C# program that shows code motion
using System;
using System.Diagnostics;
class Program
{
const int _max = 100000;
static void Main()
{
Console.WriteLine(Method1());
Console.WriteLine(Method2());
var s1 = Stopwatch.StartNew();
for (int i = 0; i < _max; i++)
{
Method1();
}
s1.Stop();
var s2 = Stopwatch.StartNew();
for (int i = 0; i < _max; i++)
{
Method2();
}
s2.Stop();
Console.WriteLine(((double)(s1.Elapsed.TotalMilliseconds * 1000 * 1000) /
_max).ToString("0.00 ns"));
Console.WriteLine(((double)(s2.Elapsed.TotalMilliseconds * 1000 * 1000) /
_max).ToString("0.00 ns"));
Console.Read();
}
static string Method1()
{
int i;
string value = null;
for (i = 0; i < 100; i++)
{
value = "abc" + 5.ToString();
}
return value + i.ToString();
}
static string Method2()
{
int i;
string value = null;
value = "abc" + 5.ToString();
for (i = 0; i < 100; i++)
{
}
return value + i.ToString();
}
}
Results
abc5100
abc5100
11324.32 ns
484.68 ns
In this program, we can see that pulling the loop-invariant statement out of the loop resulted in a dramatic performance increase. The results also show that both methods produce the same result.
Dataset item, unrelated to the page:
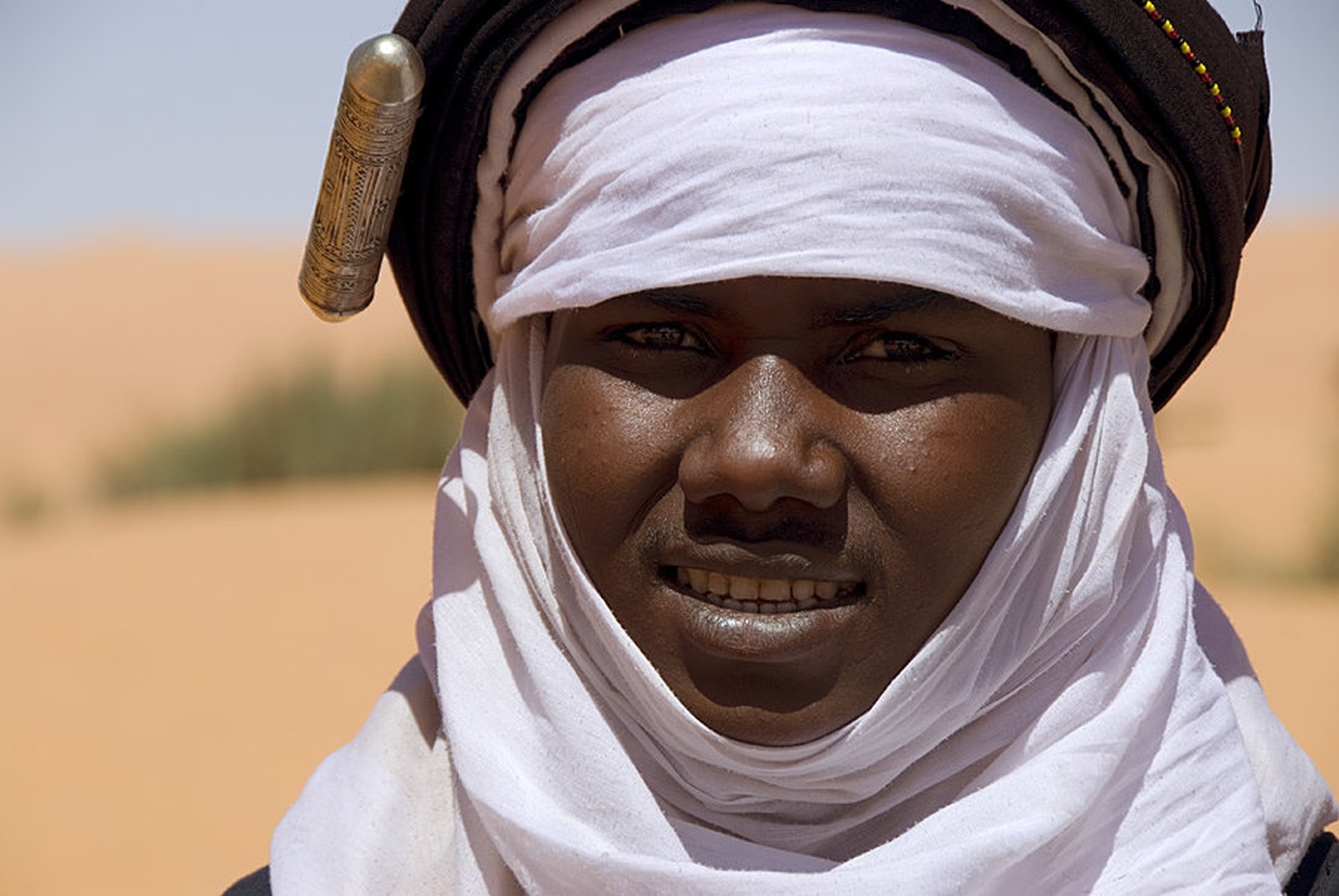 Tuareg gentil by Duško Dokošič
And: Most interesting is that the compiler did not perform this optimization itself. With the C# language, you must do this by hand.
Note: Code motion can be performed by a compiler. But the compiler in the .NET Framework 4.0 misses opportunities for this optimization.
Optimization. The best way to compile a program is "undecidable." So no program can truly be considered optimal. But as programmers, trying to improve performance of critical paths is worth the effort.
JIT: In this form of compilation, methods are compiled as they are accessed by a program's control flow.
Summary. Compilers are complicated. They use an elaborate series of phases to transform program source. Modern computers, and all computer software, rely on compiler theory. It is at the core of all software.